Vivo should provide explanations about the flaw that exposed customer data that used the Meu Vivo portal. Telefônica Brasil, owner of the operator, was contacted by Anatel (National Telecommunications Agency) and Procon-SP, who want to know what has been done to solve the problem.
According to the Estadão, Anatel said it will investigate the failure and apply sanctions against Vivo if it concludes that there has been an infringement of consumer rights. The agency did not detail how the process will be handled, nor what sanctions are possible.
Procon-SP, in turn, called the company on Wednesday (6). The objective is to clarify what caused the security breach and what measures the company is taking to resolve the situation and serve the affected customers.

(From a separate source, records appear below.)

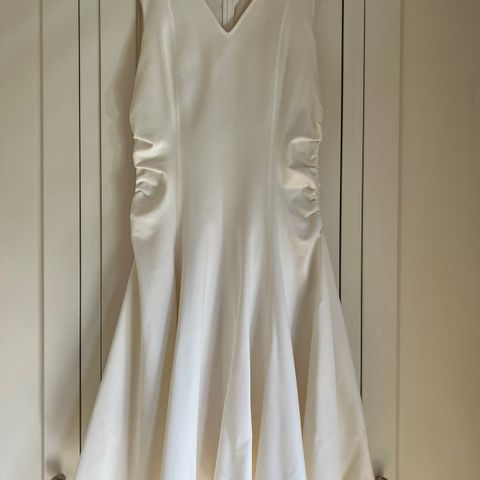 Christian Dior hvit kjole M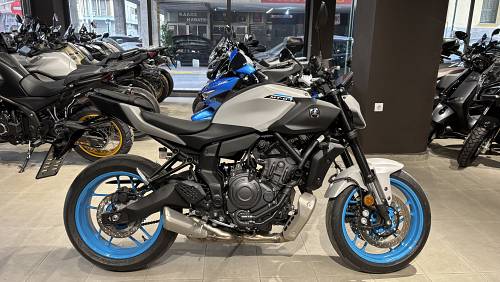 YAMAHA MT07 ΓΚΡΙ 09.2025
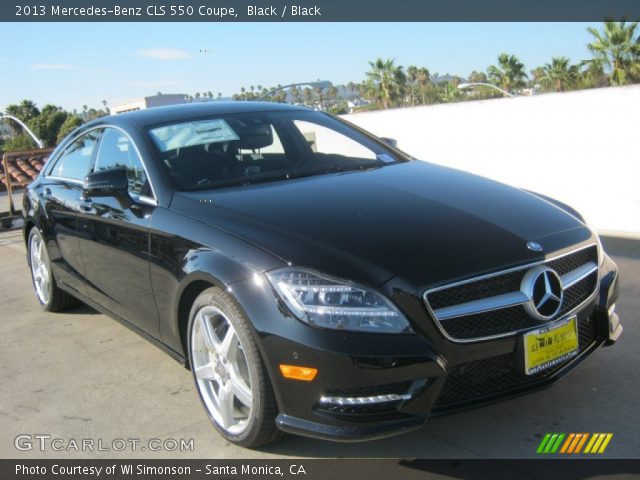 2013 Mercedes-Benz CLS 550 Coupe in Black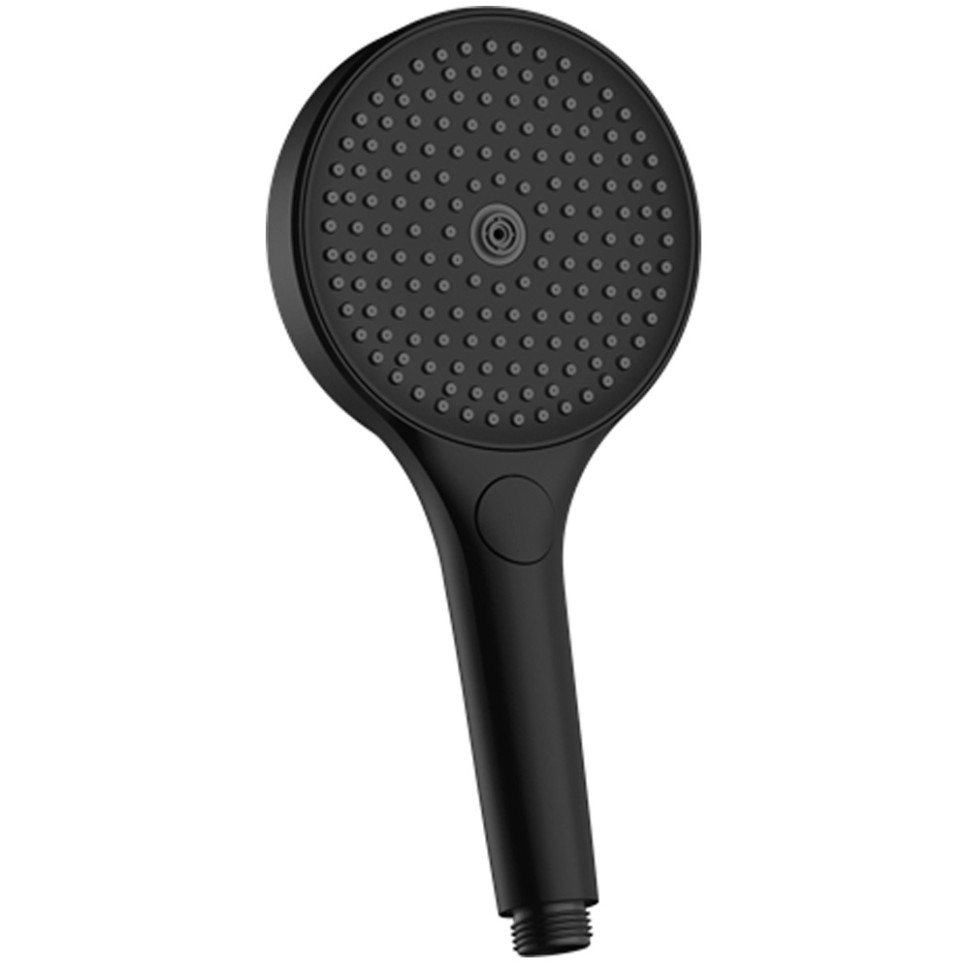 AQM8504MB Ручной душ O135мм, 4 режима, слайдер, Черный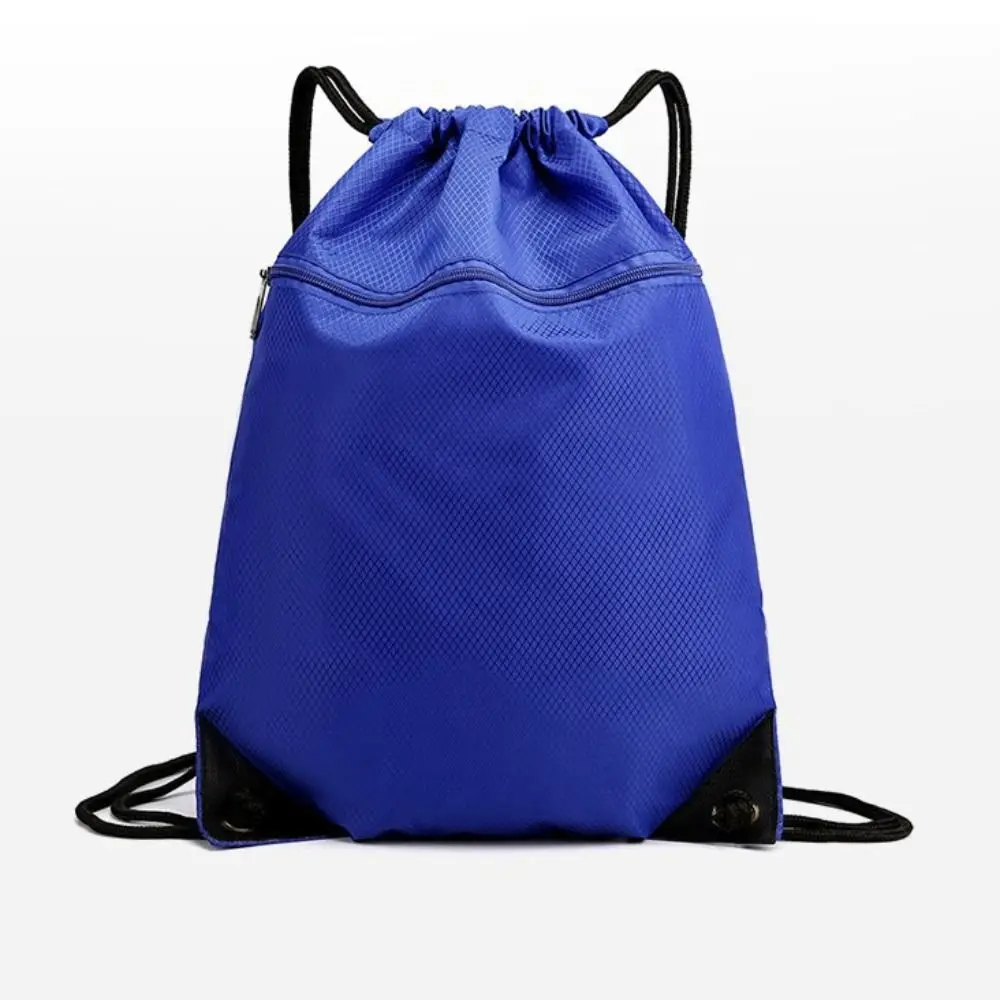 Bolsa deportiva de gran capacidad de alta calidad, impermeable, para natación al aire libre, bolsa con cordón, mochila Oxford ligera - imagen 4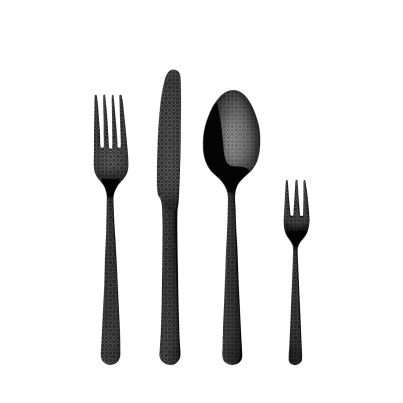 Herdmar Cutlery set OSLO Wood Canteen 24pcs.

The agency gave the company 15 days to send its response and, after that, it will present a decision within 30 days. Telefônica may be fined up to R $ 10 million, as provided by the Consumer Protection Code (CDC).
The failure of the Meu Vivo portal, which allows customers to access data about telephone, internet and TV plans, would have affected 24 million people, according to experts heard by the Twitter. Vivo, however, claims that the actual number is “considerably less”.
Anyway, a vulnerability in the access token would have exposed data such as full name, address, date of birth, RG, CPF, e-mail and cell phone number. The operator says it neutralized the flaw in the portal less than three hours after it was identified.